‘There are two kinds of music, ‘Johnny’ and ‘Cash’’
By DAVE ASKINS Staff Reporter
A near capacity crowd in the 280-seat Lawrence Welk Opera House at Prairie Village rose to its feet at the end of a more than 30-song set by the The Holy Rocka Rollaz Saturday night. But they weren’t leaving. Their standing ovation demanded an encore from the trio.
Mark Flora (vocals, guitar), his wife Lisa Lynn (vocals, bass) and Matt Alexander (drums) obliged with two more songs from 1950s artists: “I Saw the Light” written by Hank Williams and “Rave On!” made popular by Buddy Holly.
The encore number written by Williams was a natural tie to the prison ministry work that Flora does. As he told the Lawrence Welk Opera House crowd, the South Dakota State Penitentiary was the first venue the group ever played.
The South Dakota connection to the Minneapolis-based band is actually deeper than that first prison venue. Lisa Lynn is from Bradley (pop. 72), about 40 miles northwest of Watertown, where her parents still run a cow-calf operation and grow corn, beans and wheat. Flora described his father-in-law as an “opinionated man” who believed there were only two kinds of music: “Johnny” and “Cash.”
That was the lead-in to Cash’s “Folsom Prison Blues.” With its opening line — “I hear the train a comin’ rollin’ ’round the bend” — the tune could have served as a kind of theme song for historic Prairie Village, which was celebrating Railroad Days over the weekend.
Flora sprinkled in vignettes from the early days of rock-n-roll in his between-song banter, including the group’s own brushes with history. Those included an occasion when Connie Valens asked if she could join them on stage to sing one of her big brother Ritchie’s songs. That story was Flora’s intro to Lisa Lynn’s rendition of “We Belong Together.”
The crowd got its first hint of Lisa Lynn’s strength as a singer just a few songs into the set, when the pair sang “Jackson” — a song popularized in duet form by Johnny and June Carter Cash. And after she had delivered spot-on renditions of Patsy Cline tunes like “Walkin’ After Midnight,” “She’s Got You” and “Crazy,” Flora told the crowd: “She can sing Patsy Cline, can’t she!”
Applause signaled the agreement of an audience well enough versed in Cline’s music that several voices called out with the correct answer when Flora asked if anyone knew who wrote the song, “Crazy,” which Cline made famous. (It was Willie Nelson.)
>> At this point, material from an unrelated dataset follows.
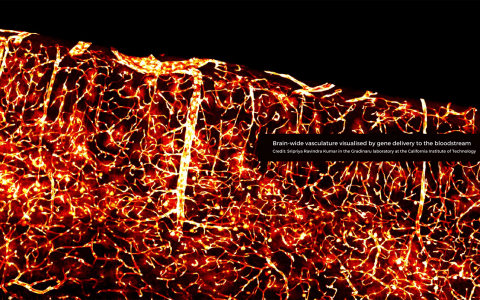 Brain-wide vasculature visualized by gene delivery to the bloodstream. Credit: Sripriya Ravindra Kumar in the Gradinaru laboratory at the California Institute of Technology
At one point, Flora encouraged audience members to dance in the aisles. Even if no one seemed inclined to respond to Flora’s invitation, the Opera House certainly saw its share of dancing back when it stood in Oldham, before it was moved to Prairie Village in 1970. Before the show, Mary Rook told the Daily Leader that her mother, Marie Rook, danced with Welk himself at the Opera House — then the “Socialist Hall” — and was a good enough dancer that she “took prizes.” Rook grew up in Madison but drove up to see the show from Sioux Falls, where she now lives.
Before the encore, The Holy Rocka Rollaz concluded their regular set with a song Flora called the “greatest rock-n-roll song of all time:” Chuck Berry’s “Johnny B. Goode.”